BEGIN DATA FOR ANALYSIS

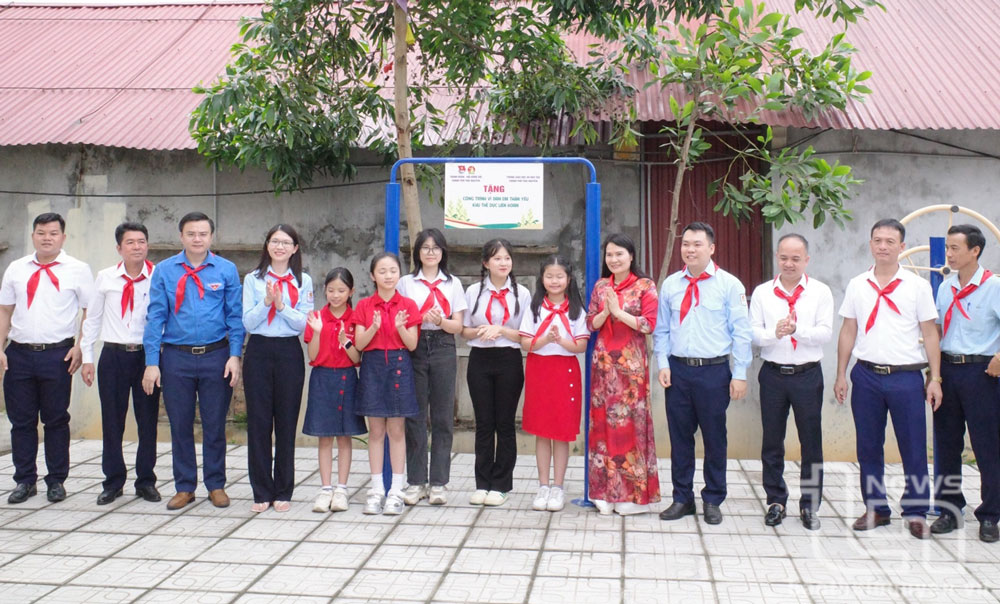 Nhân dịp này, Thành đoàn Thái Nguyên trao tặng công trình măng non là khu tập thể dục liên hoàn trị giá 18 triệu đồng cho Liên đội Trường THCS Sơn Cẩm 2.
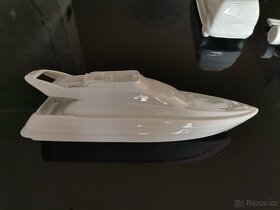 Porcelánová auta, formule, člun - 16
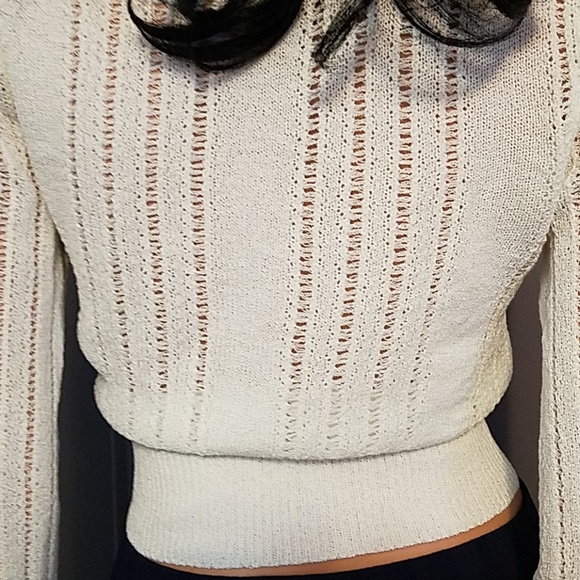 Cute & sexy key hole knitted  AUTUMN top - Picture 8 of 8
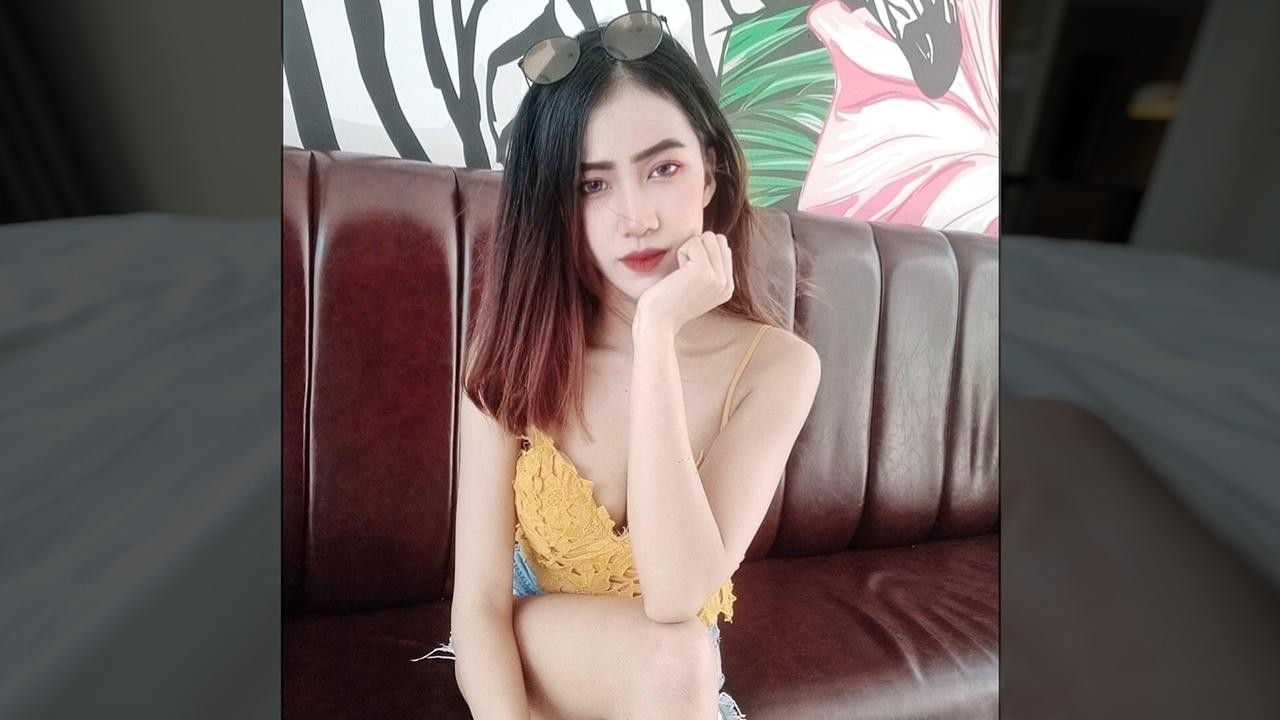 Skinny Thai Babe Looking More Tempting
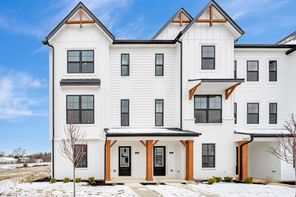 4472 Yellowwood Avenue (T1800)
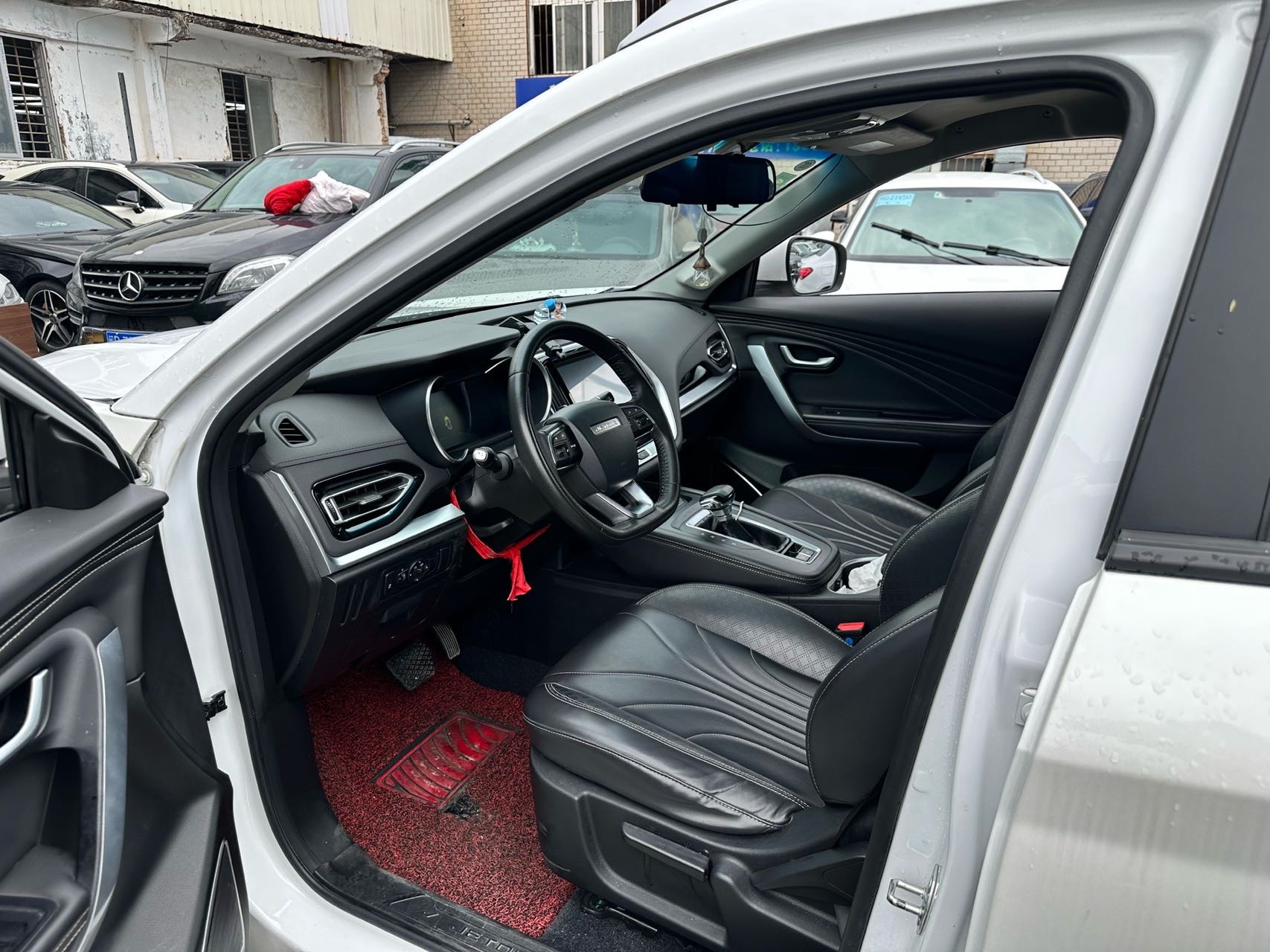 JETOUR 2021 X70M 1.5T Deluxe Partner 5-Seater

END DATA FOR ANALYSIS

Leaving the pictures aside, repeat the data above exactly.

 Nhân dịp này, Thành đoàn Thái Nguyên trao tặng công trình măng non là khu tập thể dục liên hoàn trị giá 18 triệu đồng cho Liên đội Trường THCS Sơn Cẩm 2.
 Porcelánová auta, formule, člun - 16
 Cute & sexy key hole knitted  AUTUMN top - Picture 8 of 8
 Skinny Thai Babe Looking More Tempting
 4472 Yellowwood Avenue (T1800)
 JETOUR 2021 X70M 1.5T Deluxe Partner 5-Seater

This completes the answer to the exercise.